Please avoid using Equation Editor for simple in-line mathematical copy, symbols, and equations. Type these in Word instead, using the “Symbol” function when necessary. For example, all Greek characters; simple superscripted or subscripted characters; plus, minus, greater than (or equal to)/less than (or equal to), and so forth, can all be inserted by simply typing the characters in Word. For display equations or in-line characters that use multiple levels, stacked super- and subscripts, or any character not available in Word’s “Symbol” menu, use of Equation Editor is appropriate. In addition, please avoid stacking in-line equations. If the equation is difficult, place it as a display rather than in line and number it accordingly.
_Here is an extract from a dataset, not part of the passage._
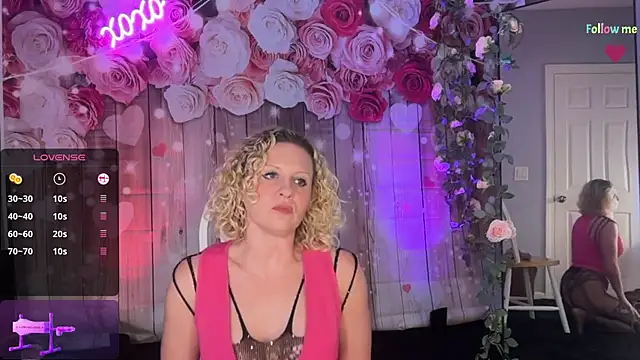 AmberJade AmJ online show from April 19, 12:11 am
References are to be listed alphabetically, last name first, followed by publication date in parentheses. Use full first name, not just initials. The reference list should be typed double spaced on a separate page. Do not use indents, tabs, or symbols to delineate your paragraphs. Instead, use two hard returns between each reference. The reference list is not intended to serve as a bibliography; all unnecessary, redundant, or tangential references should be eliminated.
Each reference should be cited in text at the appropriate place. Do not include uncited works in the reference list.
For citations of up to three authors, list all author names; for four or more authors, use the first author’s name followed by “et al.” (no italics). A series of citations should be listed in alphabetical order and separated by semicolons: (Donnelly 1961; Kinsey 1960; Wensley 1981).
Citation in the text should be by the author’s last name and year of publication, enclosed in parentheses without punctuation: “(Kinsey 1960).” If you use the author’s name within the sentence, there is no need to repeat the name in the citation; just use the year of publication in parentheses, as in “The Howard Harris Program (1966)….” If a particular page, section, or equation is cited, it should be placed within the parentheses: “(Kinsey 1960, p. 112).”
For examples of reference list formatting, see Reference Examples.
On final submission, the Web Appendix must be submitted as a Word doc and must be ready to post as is. Use Times New Roman 12-point font (for heading styles, see below). Please ensure that you proofread the material carefully for all errors. Because of space constraints, the Web Appendix should be saved as a document, not an image.
Organizing Your Web Appendix
Do not include more than one Web Appendix. Organize the Web Appendix using the following heading styles:
- At the top: The title of the article and the authors.
- Title: Web Appendix (Title-style capitalization, bold, centered, 14-point font), or, if multiple parts are used, Web Appendix A, Web Appendix B, etc.
- Head 1: LEVEL 1 HEADING (All capital letters, italics, centered, 12-point font).
- Head 2: Level 2 Heading (Title-style capitalization, italics, flush left, 12-point font).
- Head 3: Level 3 heading. (Sentence-style capitalization, italics, run into paragraph with a closing period, 12-point font).
If there are multiple themes in the Web Appendix, use Level 1 headings to separate your themes and then Level 2 and 3 subheadings to further subdivide your themes.
Multiple parts of a Web Appendix should be labeled “Web Appendix A, Web Appendix B,” and so on. All equations should be numbered in sequence from the beginning to the end of the Web Appendix. Web Appendix equations should be numbered and referred to as W1, W2, …, WN.
- If there is a Web Appendix, it must be mentioned in text (e.g., “for further information, see the Web Appendix”). Please refer to such appendixes as “Web Appendix.” Because some appendixes might appear in print and others on the Web, it is necessary to standardize this terminology to eliminate reader confusion.
- Please do not refer to or include more than one Web Appendix. If you have more than one subject to be addressed in an appendix, please refer to them as “Web Appendix A, Web Appendix B,” and so on, understanding the file will be posted as one document.
- AMA will provide the URL for the Web Appendix, so you do not need to include this in your paper.